Given Madam Vice-President’s level of commitment to the national cause, her articulate and intense defence of Venezuela’s position on a recent Telesur interview is understandable. Equally understandable is the fact that as the law, the history and her country’s own state practice lead one ineluctably to the conclusion that Essequibo does not form part of the land territory of Vene-zuela, she had a need to be economical with the truth. This convenient reordering of the facts was amply exemplified in the distinguished Vice-President’s response to the question about Venezuela’s position regarding the jurisdiction of the International Court of Justice. She first explained Venezuela’s “historical” position on the Court by saying it has never recognized the compulsory (or automatic) jurisdiction of the Court.

Fact check: no one, least of all Guyana or the UN Secretary General, has opted for the case to be heard under the compulsory jurisdiction of the ICJ. As the dear lady said, only 70-odd countries have accepted the compulsory jurisdiction clause. What Ms. Rodriguez omitted to say is that the compulsory jurisdiction clause in Article 36(2) of the Court’s Statute is reciprocal in its application: it only applies ‘…in relation to any other State accepting the same obligation….’ As Guyana has not accepted the compulsory jurisdiction clause it is, respectfully, a bit of a non sequitur to argue Venezuela’s rejection of the jurisdiction in the matter before the court on the basis that it has “historically” never accepted the compulsory jurisdiction clause, when neither has Guyana accepted it.

Continuing, the Vice President contended in the interview that the only way for Venezuela to attend the Court is for it to manifest its willingness so to do, and that under the Geneva Agreement both parties must agree on the means of settlement (she is correct).
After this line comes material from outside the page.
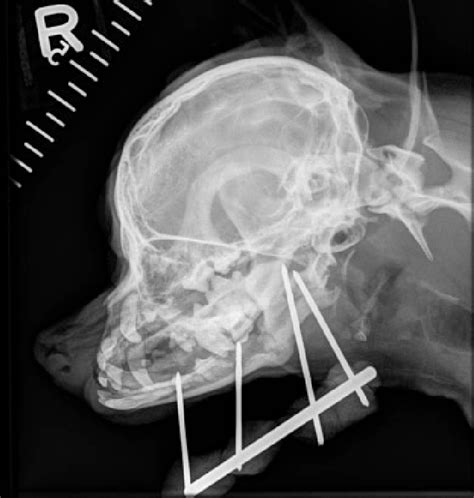 Lateral Oblique Radiograph Of The Patients Left Mandible Taken 6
News flash: the Court in its judgment of 18 December 2020 on the issue of jurisdiction established the acceptance of the parties to its jurisdiction through the application of the consent regime in Article 36(1), not the compulsory jurisdiction clause in Article 36(2), thusly: ‘an interpretation of Article IV, paragraph 2 [of the Geneva Agreement] that would subject the implementation of a decision of the Secretary-General to further consent by the Parties would be contrary to this provision and to the object and purpose of the Geneva Agreement, which is to ensure a definitive resolution of the controversy, since it would give either Party the power to delay indefinitely the resolution of the controversy by withholding consent…[T]he Court concludes that, by conferring on the Secretary General the authority to choose the appropriate means of settlement of their controversy, including the possibility of recourse to the International Court of Justice, Guyana and Venezuela consented to its jurisdiction. The text, the object and purpose of the Geneva Agreement, as well as the circumstances surrounding its conclusion, support this finding…It follows that the consent of the Parties to the jurisdiction of the Court is established in the circumstances of the case’. 

Neither is it still available to Venezuela to argue that it is not a party to the proceedings before the ICJ. By filing and then appearing in person to present preliminary objections to the case in 2022, that country would be deemed to have submitted to the Court’s jurisdiction. Venezuela was in fact represented by a delegation that included none other than the esteemed Vice-President. Similarly, by attending the hearing this week in The Hague on Guyana’s request for provisional measures consequent to Venezuela’s plans to hold a curious referendum on December 3 next, it would thereby be estopped from successfully continuing to argue that it is not a party. Hence compliance with any urgent provisional measures, in the event that they may be granted by the Court before December 3, is to be anticipated.

It would seem to be the case that a natural corollary of Venezuela’s “historical” position on not accepting the Court’s jurisdiction is that whenever a final decision of the ICJ is rendered, Venezuela would not consider itself bound by it. However, Article 94(1) of the UN Charter contains an undertaking for parties to a case before the ICJ to comply with its decision, while Article 94(2) reposes in the Security Council the authority to ‘make recommendations or decide upon measures’ against a recalcitrant party. And yet I wonder, if our neighbour to the west is so convinced as to the righteousness of its case, whether in the unlikely event of the Court ruling in its favour, it would similarly consider itself not bound by such a ruling?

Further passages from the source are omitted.